Have a look through the gallery below, to get more an idea of what Editorial images might look like. Many images probably comes across as reportage, although they’re not! They’ve just adopted that kind of look on the shooting stage…

Thank you for stopping by and have a read! I just want to point out that the words in this article are my own, influenced from analyzing different photographer’s styles and different trends in wedding photography at the moment. The aim for this article is to work as a “translator” for brides and grooms planning their wedding day, to hopefully help them when picking the style of photography they want for their day!

Don’t forget that this is chapter 2 to my article on reportage style photography!

To go back to chapter 1, please follow this link: Part 1 defining the photojournalist / reportage / documentary style


– Part 1, Defining THE REPORTAGE STYLE: What Reportage / Photojournalist style is in wedding photography and how it differs from the Editorial style.


Dear bride, groom and reader, today I wish to talk about some certain styles of wedding photography that couples who are planning their wedding, often come across when browsing around for their wedding photographer.


Have you guys heard the expression Editorial style photography? How about Reportage / photo journalist style? Yep thought you’d know that one! Most wedding couples that I meet with like those natural shots – the shots of your smiling and champagne drinking guests caught totally unaware by the camera. Many couples refer to this as the “reportage style photography”. But nobody ever mentions the “Editorial style”, although this might very well be the word that you are looking for, if you want your shots to be natural as in the reportage style, but sort of reminiscent of something from a fashion or wedding magazine.


Gone are the days when the wedding photographer was just stood outside church after your ceremony, waiting to capture that one shot for the frame on your wall. In modern wedding photography most photographers are there to document your whole day – creating a story told in images. The reportage/Photojournalist style and The editorial style are both genres in wedding photography which aim to tell your day as a story in images.


So I am intending to sort out the definitions a little bit.
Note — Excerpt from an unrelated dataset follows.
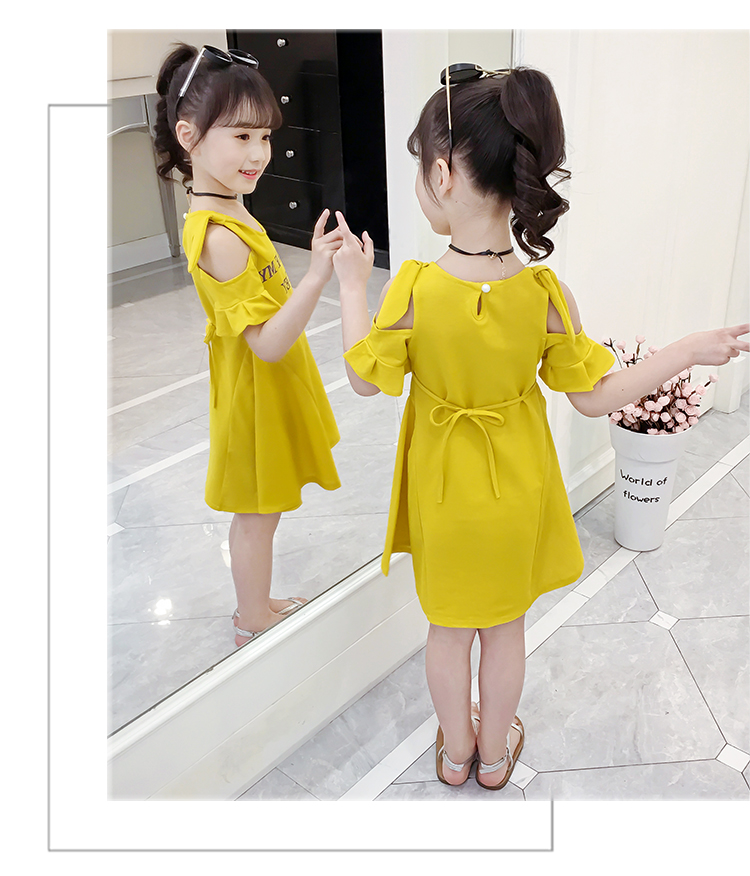 Đầm dự tiệc cho bé gái mới 2019 diện váy lệch vai trong quần lửng cotton bé trai thời trang công chúa nước ngoài - Váy quần áo bé gái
In this chapter I will describe more in detail what reportage / photojournalist style entails, what the expression is born from, what sort of images you can expect from it and what is required for the photographer to practice this style. Next, I will do a follow up chapter, which defines the Editorial style photography.
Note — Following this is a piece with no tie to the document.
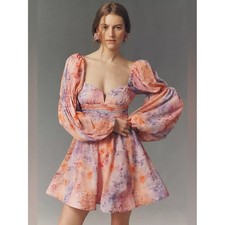 Anthropologie BHLDN Ellie Long Sleeve Sweetheart Mini Dress Medium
 The key elements of reportage style photography

  • Reportage style wedding photography descends from journalism: Just as reporters are sent out by a newspaper to cover a story from an “objective” angle, the wedding photographer is there as an eye from outside to capture all the moments on your wedding day, without interfering.
  • What characterizes reportage / photojournalist style wedding photography, is that the images seem to be moments frozen in time of what actually happened in that split second – nobody is addressing the camera: it is as if the actual camera wasn’t even there.
  • Reportage / photojournalist style photography tells a story: I placed quotation marks on ‘objective’ above, since really, a story told in a reportage way is actually never totally ‘objective’ – there will be a brief for the news photographer, such as: capturing the sad/joyful atmosphere, showing how rich/poor somebody is by including certain elements in the image, and so forth. The reportage style wedding photographer will do the same: He/she has a brief inside their head of what to capture: People’s reactions, the joyful/tearful atmosphere, certain details that says something about you or your venue, etc.
  • Quite the opposite to what it sounds like: Reportage / photojournalist style wedding photography has a lot of pre- planning to it: In order for the photographer to work independently on the day, the photographer will probably need to know a lot of details about your wedding beforehand – such as exact timings, pre- visits to venues involved to see what the natural light is like and where the good vantage points are. As just mentioned, it’s not a question about snap- shooting on your day, it’s a question about being as prepared as possible to be in the right place with the right camera settings on your actual day.
  • Reportage / photojournalist style wedding photographs can be totally straight forward or how ever creatively shot: The image will have the appearance to be a frozen moment. But that does not mean that there isn’t a lot of work put in to it by the photographer. Just as in the news paper/magazine world, where there are certain photographers that win the big awards and are world famous, while others supply for a local paper – reportage style wedding photographers can range just as much in quality: But the bottom line is, that a well shot reportage style image is never “just a snap”. It carries the photographer’s mark, style and professionalism, which all comes from how well he/she knows how to calculate the light, see the composition and capture the moment.
  • How ever, the reportage / photojournalist photographer does not really interfere with what is happening, nor does he/she hold up the bride and groom to direct them. The pre- planning is merely for the photographer to be prepared and then when the day comes, the photographer will capture everything as it happens. Of course, all photographers are different and a photographer can practice the reportage style without being totally rigid, but if the photographer would to be real hard core reportage style, then this would mean that he/she wouldn’t interfere at all. For example:  The dress would not be moved to a different place than where it’s already been hung in the morning, even though it could make a better photograph somewhere else. The photographer probably wouldn’t ask the bride to get ready in a different spot where light and composition is better. And so forth.
  • In reportage / photojournalist style, every image aims to be strong in it self: It aims to convey emotions, to make the viewer feel a certain way and to tell a story or communicate something about that precise moment in time: Every image should tell a story on it’s own.
  • A reportage / photojournalist style image is at its best when it manages to capture a decisive moment: Imagine that the time and what is happening is a long line. But all the sudden there is a moment on that time- line that has something extra to it and the photographer captures that. It can be a certain gaze from the subject, a moment of emotion, or perhaps a moment when lots of things are happening at once in the image, and light and composition is just right. One second earlier it wasn’t there. One second later that moment is gone. It is a decisive moment – an interruption on that long line of time. That’s what the reportage style wedding photographer aims to capture!
  • Black and white photography is a bit of a signature for the reportage / photojournalist style: Reportage photography was born in an era when all photography was black and white and mainly used as news value or to document reality. For this reason, black and white photography kind of carries the meaning of being “real” and “objective”. Black and white also adds a certain drama and might de- cluster the composition. This doesn’t mean that all modern photographers who favor this style, will also favor black and white images. It’s up to each individual photographer’s taste, but a lot of reportage / photojournalist photographers do tend to include black and white images for their clients.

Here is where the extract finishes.